Use case 1: Data Visualization

Now that we have a data cube (DS) to work with, we can start by visualizing some of the monthly soil moisture values. Our data cube DS is an xarray.Dataset, which comes with a lot of functionalities. For example we can create a simple map visualization of:

  • soil moisture for a certain date.

  • the number of observations for a certain date (note that nobs is only available for monthly and 10-daily averaged data downloaded from CDS). Here we extract an image from the data cube using the xarray.Dataset.sel method.

In the next cell, you can select a date to plot soil moisture data. We then select the correct soil moisture (and observation count) data and create a map visualization.

Try:

  • Choosing a different month and year in the first line, to plot the data for a different time stamp.

DATE = "2022-05-01"  # Time stamp to create plot for, you can choose a different date!

if np.datetime64(DATE) not in DS.time.values:
    raise KeyError(f"{DATE} not found in data.")

# Create an empty figure with 2 subplots
fig, axs = plt.subplots(1, 2, figsize=(17, 5), subplot_kw={"projection": ccrs.PlateCarree()})

# Extract and plot the soil moisture image for chosen date using xarray.Dataset.sel and Dataset.plot:
p_sm = DS["sm"].sel(time=DATE).plot(
    transform=ccrs.PlateCarree(),
    ax=axs[0],
    cmap=CM_SM,
    cbar_kwargs={"label": f"Soil Moisture [{SM_UNIT}]"},
)
axs[0].set_title(f"{DATE} - Soil Moisture")

# Extract and plot the number of observations (nobs) image for chosen date using xarray.Dataset.sel and Dataset.plot:
if "nobs" in DS.variables:
    # Note: nobs is only available for monthly and 10-daily data
    p_obs = DS["nobs"].sel(time=DATE).plot(
        transform=ccrs.PlateCarree(),
        ax=axs[1],
        vmax=31,
        vmin=0,
        cmap=plt.get_cmap("YlGnBu"),
        cbar_kwargs={"label": "Days with valid observations"},
    )
    axs[1].set_title(f"{DATE} - Data coverage")
else:
    p_obs = None


# Add basemape features:
for p in [p_sm, p_obs]:
    if p is None:
        continue
    p.axes.add_feature(cartopy.feature.LAND, zorder=0, facecolor="gray")
    p.axes.coastlines()

# Draw grid lines and labels for both maps:
for ax in axs:
    if ax is not None:
        gl = ax.gridlines(crs=ccrs.PlateCarree(), draw_labels=True, alpha=0.25)
        gl.top_labels, gl.right_labels = False, False
<Figure size 1700x500 with 4 Axes>

When looking at images of different dates, you can see data gaps (grey areas; especially in winter, mountainous regions and high latitude) and areas of high (blue) and low (brown) soil moisture content (left map).
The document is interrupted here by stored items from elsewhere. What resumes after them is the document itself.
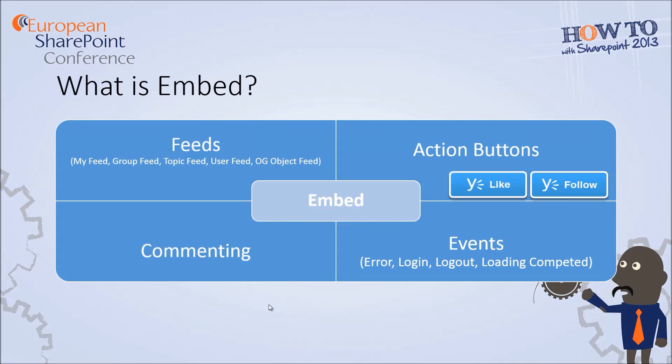So what is Embed exactly? As already said before, Embed is a set of widgets that you can integrate in your web application. The integration happens through JavaScript and you can integrate different parts of Yammer in your application. You have feeds, you have action buttons, you have commenting functionality and you can also integrate to embed with some events.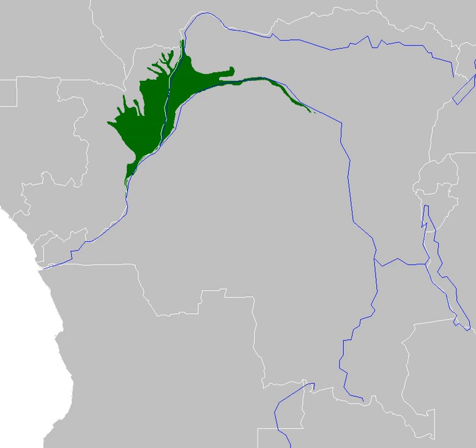The Congolese forests are a broad belt of lowland tropical moist broadleaf forest ecoregion of the tropical and subtropical moist broadleaf forests biome, which extends across the basin of the Congo River and its tributaries in Central Africa.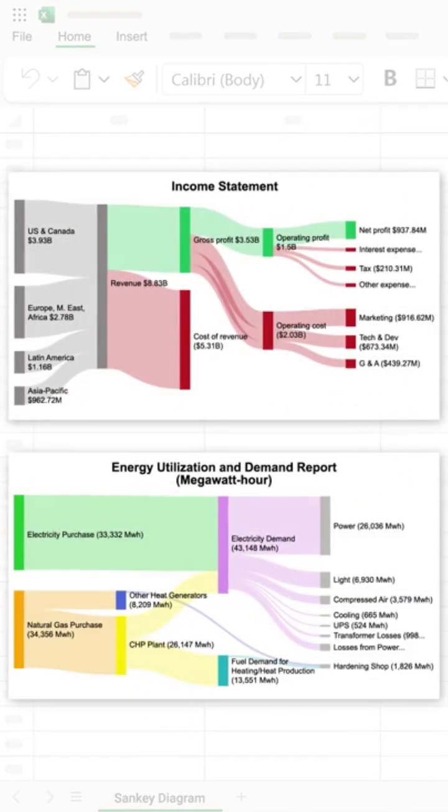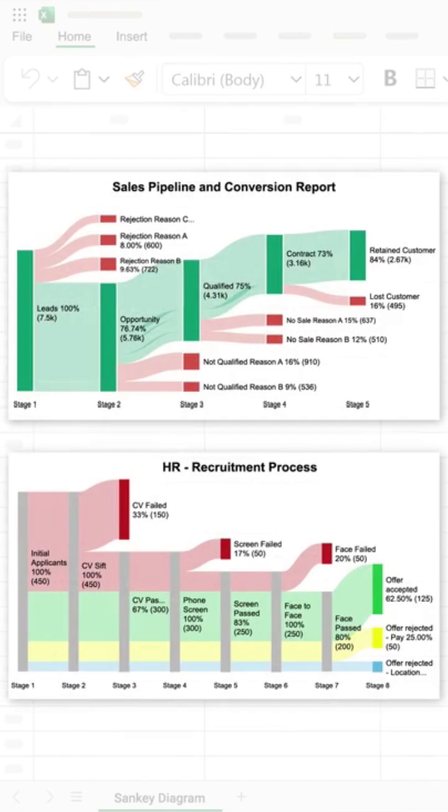And that's just the beginning. You can create your own Sankey Diagram for any data: finance, supply chain, marketing, and more.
When changing the date to plot in the cell above, you can see that the number of observations is much larger in later periods of the record than in earlier ones due to the larger number of available satellites (right map).

Use case 2: Time Series Extraction and Analysis

In the following two examples we will need to set a study area and a time range. We will use a chosen ‘focus point’ assigned to the study area to extract a time series from the loaded stack at this location.

Study areas

First we define some potential study areas that we can use in the following applications. Below you can find a list of bounding boxes, plus one ‘focus point’ in each bounding box. You can add your own study area to the end of the list. If you do, make sure to pass the coordinates in the correct order: Each line consists of:

  • A name for the study area.

  • WGS84 coordinates of corner points of a bounding box around the study area.

  • WGS84 coordinates of a single point in the study area (focus area).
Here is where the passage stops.